The day after the latest discharge of sewage into the sea at Joss Bay, I was invited by ITV News to convey local concerns.
Surfers against sewage campaign banner
Inland waterways are affected too. Surfers Against Sewage are lobbying for support for the Sewage (Inland Waters) Bill, soon to be voted on in Parliament.

Southern Water have earned themselves a poor reputation locally. It’s getting worse and incidents like this are part of the reason why. I’m asking exactly why does the sewage have to be discharged into the sea? All too often it gets washed back in. It’s a threat to public health and to the local ecology and marine life.

I’m being told by many people that they are fed up with thread bare excuses from Southern Water and the lost opportunities on the occasions they can’t use the beaches. From our regular sea swimmers to surfers to beach combers all are sick of the sewage on our shorelines.

The situation is different elsewhere.

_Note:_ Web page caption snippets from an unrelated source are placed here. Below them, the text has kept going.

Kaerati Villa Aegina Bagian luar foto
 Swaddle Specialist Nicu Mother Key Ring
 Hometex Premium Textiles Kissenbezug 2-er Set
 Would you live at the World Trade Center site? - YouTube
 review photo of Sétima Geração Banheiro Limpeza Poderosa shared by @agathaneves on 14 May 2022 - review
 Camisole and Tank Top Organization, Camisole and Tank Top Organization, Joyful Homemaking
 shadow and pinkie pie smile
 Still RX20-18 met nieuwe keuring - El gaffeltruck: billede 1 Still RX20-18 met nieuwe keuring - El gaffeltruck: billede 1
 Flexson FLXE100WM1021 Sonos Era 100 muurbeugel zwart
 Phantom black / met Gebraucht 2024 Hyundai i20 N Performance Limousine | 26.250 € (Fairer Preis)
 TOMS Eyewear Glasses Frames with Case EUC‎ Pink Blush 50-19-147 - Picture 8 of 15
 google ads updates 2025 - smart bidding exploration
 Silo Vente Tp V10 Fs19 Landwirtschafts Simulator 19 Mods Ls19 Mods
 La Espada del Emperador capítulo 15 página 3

In London for instance, billions of pounds are being invested to upgrade the decaying infrastructure, by building a ‘super sewer’, which will stop emergency flows into the Thames. Where is the investment in Thanet to stop sewage flowing into the sea and onto our beaches?

We pay £2.3B per year on our water bills. An upgraded water and sewage system would save bill payers around £100 per year, protect the environment and create some much needed jobs . Isn’t it time we had better?